Ich kenne dies aus meinem Lehreralltag sehr gut. Es kann ziemlich herausfordernd sein, nicht einzugreifen, nicht immer sofort die Antworten zu geben. Denn das was die Kinder aus eigener Motivation tun und erforschen, sich die Antworten darauf suchen, weil es sie tatsächlich interessiert, das nenne ich selbstbestimmtes Lernen. Diese Erfahrungen werden im Gehirn verankert und dieses Wissen bleibt dann auch. Gebe ich als Mutter oder eben als Lehrerin sofort die Antwort, wissen die Kids es dann zwar, es wird aber nicht gespeichert, weil sie es nur schlecht verknüpfen können.

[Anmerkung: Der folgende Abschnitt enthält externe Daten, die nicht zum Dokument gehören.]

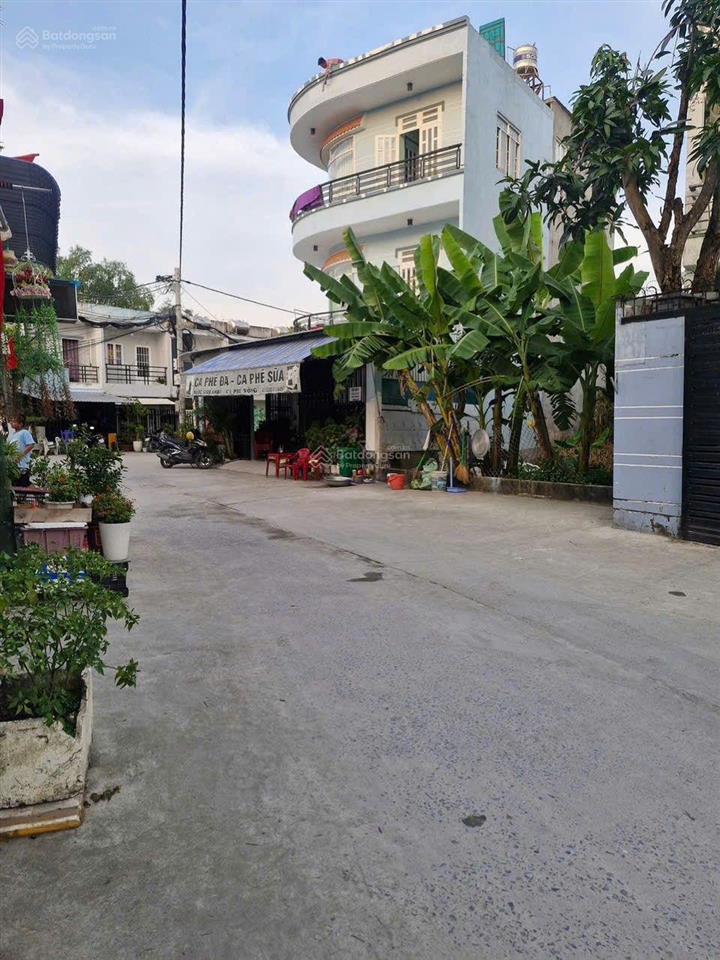 Nhà bè nhà 3tầng 99m2 xe tải vivu shr hoancong đầy đủ lê văn lương nhà bè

Darum, lassen wir unseren Kindern ihre Erfahrungen selbst machen, sie in ihrem eigenen Tempo lernen und nehmen wir Erwachsene uns selbst an der Nase und üben uns in bedingungslosem Vertrauen. Unsere Kinder sind schon perfekt sind, so wie sie sind.
Meine Aufgabe sehe ich darin, sie zu begleiten und sie so wenig wie möglich zu verletzen.
Auch nicht, indem ich ihnen Dinge abnehme, weil ich es als erwachsene Frau kann und ihnen somit das Gefühl vermittle, weniger wert zu sein. Sie werden ihre Leidenschaft zu ihrer Berufung machen, und sich alles wissen, das sie dafür brauchen, suchen.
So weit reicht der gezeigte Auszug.